First, I made sure that my henna mixture was smooth, not crumbly, so it wouldn’t fling everywhere while I applied it.
Second, I grabbed some disposable gloves to protect my hands and nails.
Third, I got a couple plastic bags to cover my hair after applying the henna. You can also use plastic wrap, the clingy kind.
Finally, I removed the rugs from my bathroom to avoid staining them. Some people advise sitting in the bathtub to apply henna so as to contain the mess, but I needed to be able to look in the mirror while applying, so I did it over my sink.
OK, application time! My henna came with an applicator brush, but I didn’t use it even once. I just grabbed globs of henna with my hands and applied it from root to tip.
I divided by hair into quarters and worked section by section to make it easier to keep track. Because henna is thick and not very slippery, it makes your hair harder to detangle, so it’s best to work with already detangled hair.
When each section was done, I twisted it into a bun (or a Bantu knot) to get it out of the way.
After I finished my entire head, I removed my gloves and tied the plastic bag onto my head. Then I put a satin bonnet on top, because walking around with a plastic bag on my head felt strange.
Now, time to wait.
4. Wait a Few Hours
Next, you just pour a glass of wine and turn on the TV and relax while you wait. The longer you leave the henna on your hair, the brighter the color will be. Some folks leave it on overnight to get the brightest color possible. You should aim for at least two hours to make sure that the henna shows up.
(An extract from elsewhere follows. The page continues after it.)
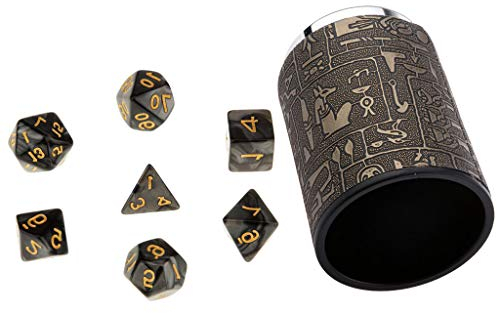 Tenlacum 7 Stück schwarze mehrseitige D4-D20-Würfel mit 1 Würfelbecher für Dungeons & Dragons D&D TRPG Warhammer Party Rollenspiel Spielzeug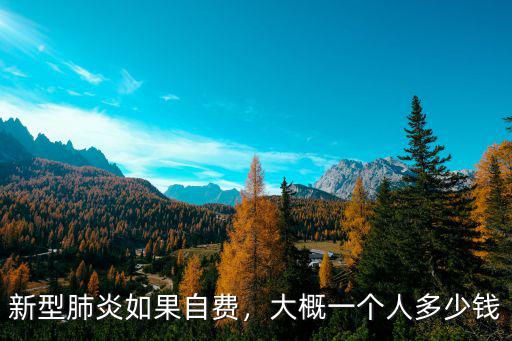 新型肺炎如果自費，大概一個人多少錢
I have dark hair, so I wanted to leave it on for a while, but there’s no way I was going to sleep with a plastic bag on my head. It was hard to even relax and watch TV with a plastic bag on my head. In the end, I lasted only three hours.
5. Rinse Thoroughly
Last step! I removed the plastic bag and rinsed the henna out of my hair — still wearing gloves, just in case.
Henna is thick and can be difficult to wash out completely. You’ll probably need to do a full shampoo and rinse.
My hair isn’t styled in the “after” photos, mind you, but that has nothing to do with the henna, and everything to do with me being lazy.
After I rinsed the henna out, it was difficult to tell whether it had worked or not. It was already nighttime, and I couldn’t see much difference in my hair.
When I woke up, the towel I’d slept on was a bit reddish — something to keep in mind if you, too, have white pillows.
In the light of morning, I saw the actual results.
My hair had a red sheen to it, especially in the sun. It’s subtle, but definitely noticeable, which I like! I didn’t want drastic color, nor did I expect it on my dark brown hair. The henna gave me a subtle red glow.
My first two experiences with henna left much to be desired, but I’d call henna round three a smashing success. And since I used only half of a $2.50 box, it’s ridiculously affordable. The process was a little cumbersome, but it’ll be easy to maintain now. The color should last for a few months, and in the meantime, all I’ll have to do is touch up my roots.
Overall, I found henna to be a great natural dye. I recommend it!